Project Title: Hourly Forecasting of Message Volume and Anomaly Classification

Development Environment: WSL/Ubuntu-22.04 Programming Language: Python


1. Hourly Forecasting of Message Volume (NMSG)

Objective: Develop a model using the NeuralProphet algorithm to forecast the hourly volume of incoming messages to the servers based on historical data.

Data Source: Sourced from the S3 production "Performance" bucket, stored in "/Data/train_data/".

Development Process:

  • Proof of Concept (POC): Initiated in "notebooks/NeuralProphet_NMSG_testing.ipynb" before modularizing into the "src" folder.

  • Folder Structure:

    • "src/components": Houses defined components utilized within specific pipelines.
    • "src/pipelines": Contains key pipelines for the project
  • Script References:

    • 1. ETL_pipeline.py: This script facilitates Export-Transform-Load operations on the data. The date_string variable within the script can be modified to specify the date up to which you intend to train the model. All data beyond this date will be reserved for testing purposes.
      # Running the ETL pipeline
      if __name__ == "__main__":
          from datetime import datetime
      
          columns=["DT", "NMSG"]
          # columns=["DT", "TO500RT","SERVER"]
          if "NMSG_1" in columns:
              run_etl_pipeline(columns=columns)
          else:
              date_string = '2023-12-31 23'  # Modify this date as needed
              date_format = '%Y-%m-%d %H'
              datetime_object = datetime.strptime(date_string, date_format)
              run_etl_pipeline(split_date=datetime_object, columns=columns)
    • 2. Hyperparam_tuning.py: Conducts hyperparameter tuning using MLflow for model optimization.
    • 3. Predict_pipeline.py: Utilized for making predictions on the selected model post hyperparameter tuning. In this script, the trained data is reused for making future predictions.
      csv_file = "../../artifacts/v2/DT_NMSG/train_data.csv"
      data = predictor.load_csv_data(csv_file)
      # Assuming test_data length is required for forecasting periods
      future_forecast = predictor.make_predictions(data, 1024)
      The number 1024 represents the quantity of data points for future predictions and can be adjusted as needed.

Future Development:

  • The model should be periodically retrained in order to correspond to new trends and fresh data
  • Should be developed Endpoint for the model to be able to call the model and make prediction
  • Should be decided where to deploy the model.

Note: Uncommenting "-e ." in the initial run of requirements.txt activates setup.py, facilitating the use of Python modules from different locations.

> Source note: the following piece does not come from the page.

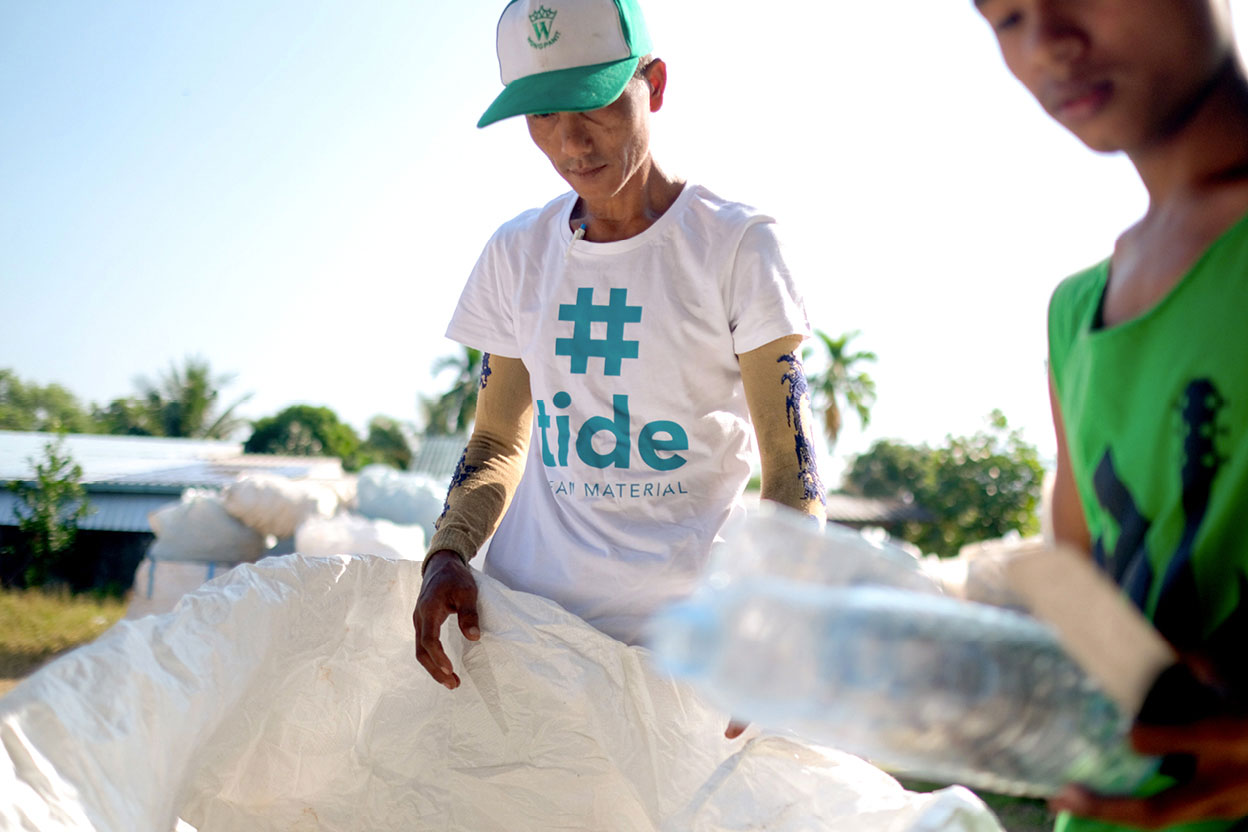 An employee of #tide ocean material holds a white plastic back in the background. In the foreground, a man holds two plastic water bottles.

Following this, it can be commented out.


2. Anomaly Classification

Objective: Develop an anomaly detection model that utilizes the LSTM RNN algorithm to predict anomalies based on historical patterns, using the last 24 hours of performance data.

Development Process:

  • Proof of Concept (POC): Currently in the POC stage, with development stages documented in the following notebooks:

  • Folder Structure:

    • notebooks/LSTM_Classification_data_preparation.ipynb: Details the data preprocessing stage.
    • notebooks/LSTM_Classification_model.ipynb: Focuses on the implementation of the LSTM model itself.
  • Script References:

    • notebooks/LSTM_Classification_data_preparation.ipynb: Here there has been the same raw data for NMSG that has been used also in the upper model + some other data (SERVER,TO500RT)

      1. You may see that there are NMSG and TO500RT values for 3 different SERVER. The idea was not to separte the serverse, that is why the values of NMSG and TO500RT have been aggregated (sum) for the same DT.

      2. Next based on the values of NMSG and TO500RT there has been calculated new KPI ANOMALY (which is binary). This KPI will be used as a target column for the column (i.e we will try to predict it).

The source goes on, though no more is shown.